*WHAT IS NEEDED:* Set down word for word each line from the one containing "Središte grada Črne" through the end of the records, both included. Do not copy any pictures.

*THE DATA:*
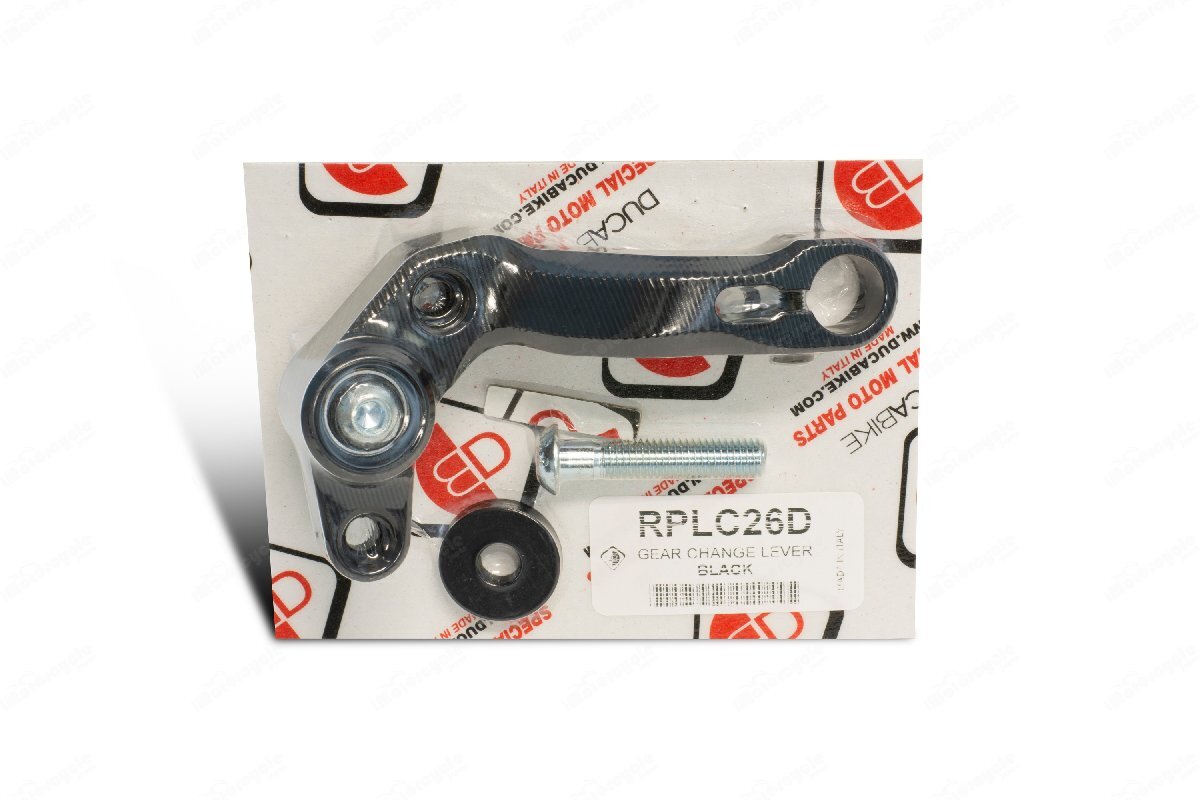 【国内在庫】DUCABIKE ドゥカバイク シフトペダル ブラック 黒 DUCATI MONSTER 937 / SP '21-25 ドゥカティ モンスター ★拍卖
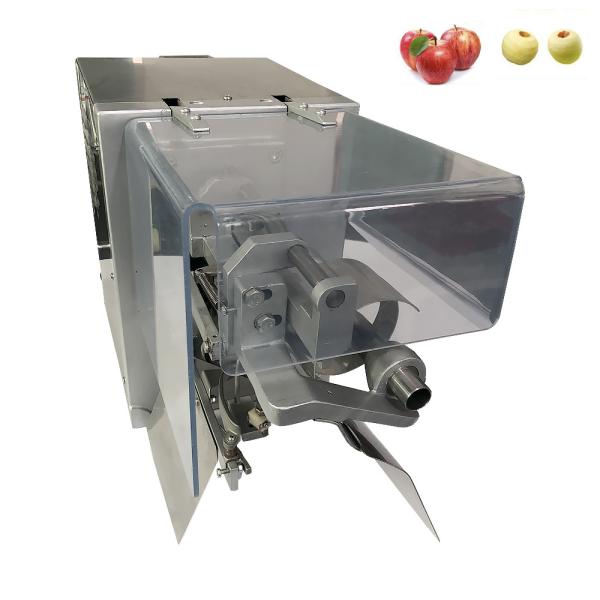 Quality Automatic Electric Apple Corer Peeler Cutting Machine 8-10pcs/Min 180W for sale
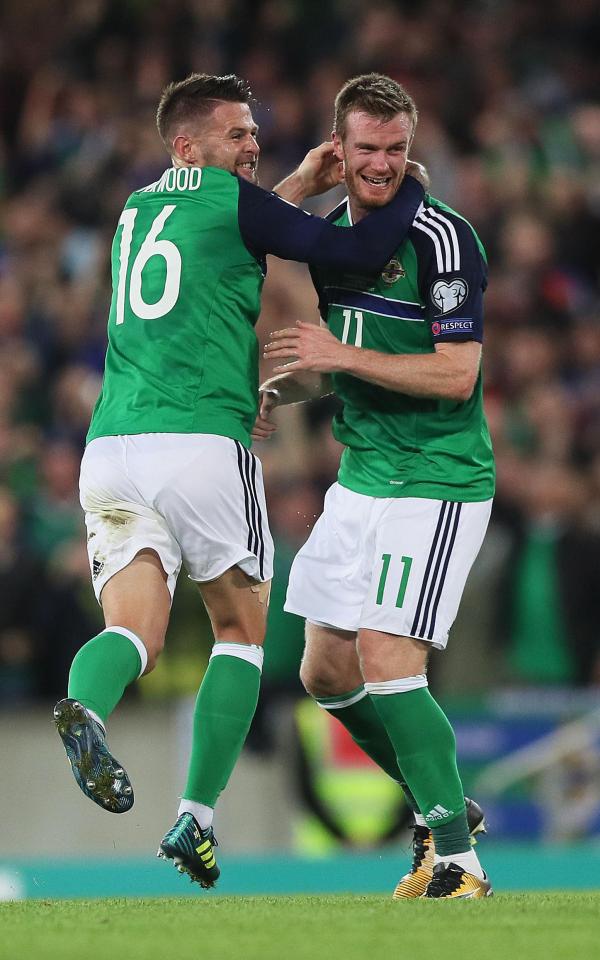  Northern Ireland had a hugely impressive World Cup qualifying campaign as they finished second behind Germany in their group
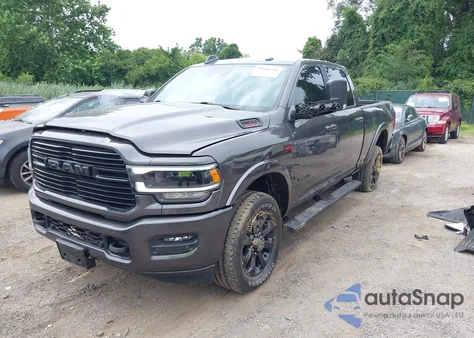 2022 Ram 2500 Laramie 4X4 6'4 Box из США, поврежденный, VIN 3C6UR5FJ4NG430631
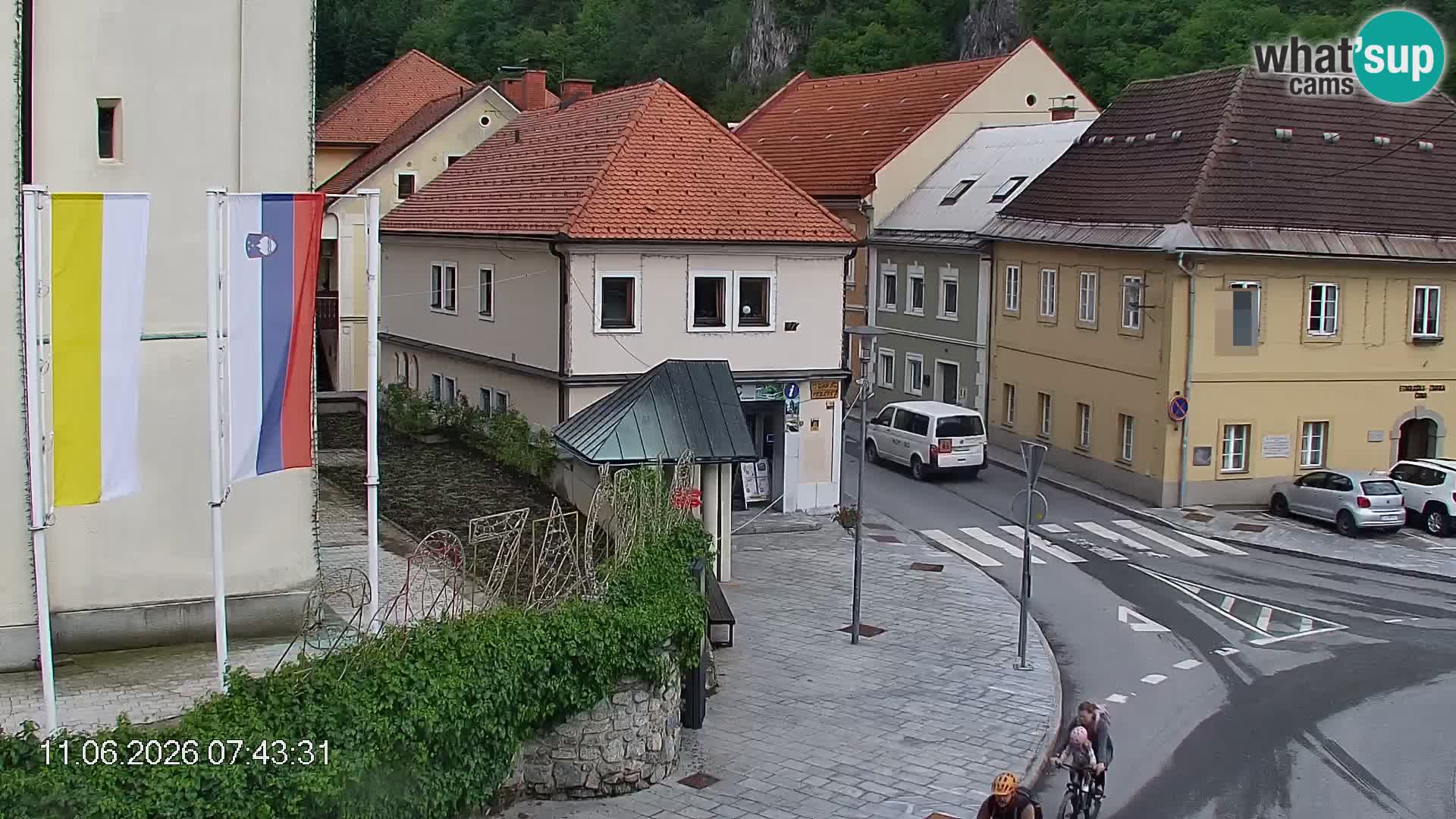 Središte grada Črne na Koroškem | Koroška | Slovenija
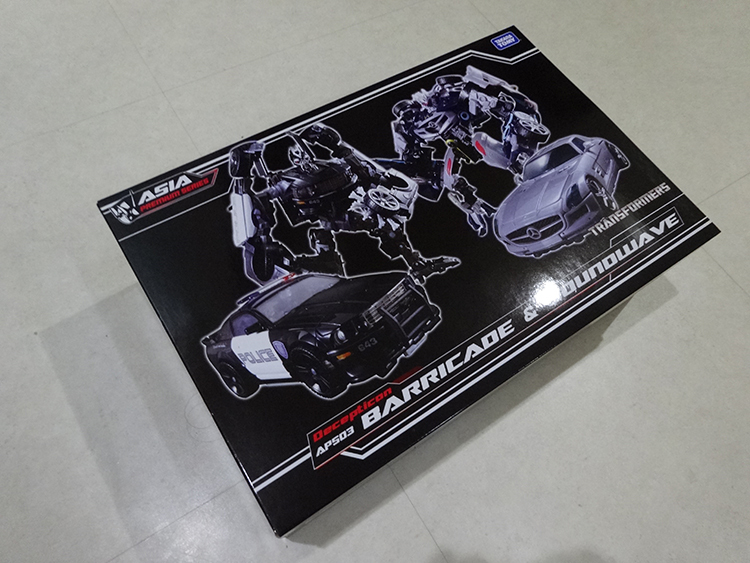 トランスフォーマー アジア限定ヒューマンアライアンス バリケード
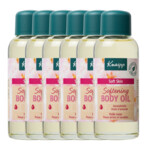6x Kneipp Body Oil Softening Amandelbloesem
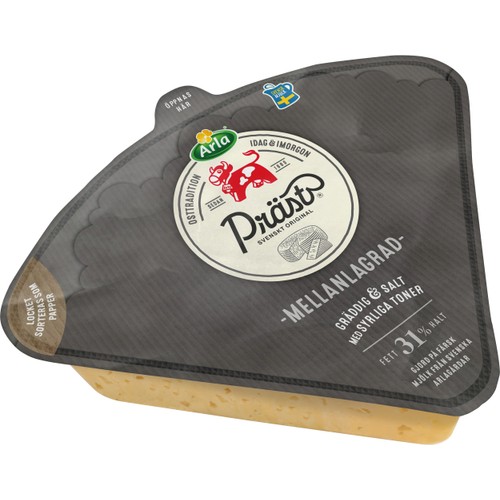 Präst ost mellan 31% ca 1,6kg Arla Ko®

*REPLY:*
 Središte grada Črne na Koroškem | Koroška | Slovenija
 トランスフォーマー アジア限定ヒューマンアライアンス バリケード
6x Kneipp Body Oil Softening Amandelbloesem
 Präst ost mellan 31% ca 1,6kg Arla Ko®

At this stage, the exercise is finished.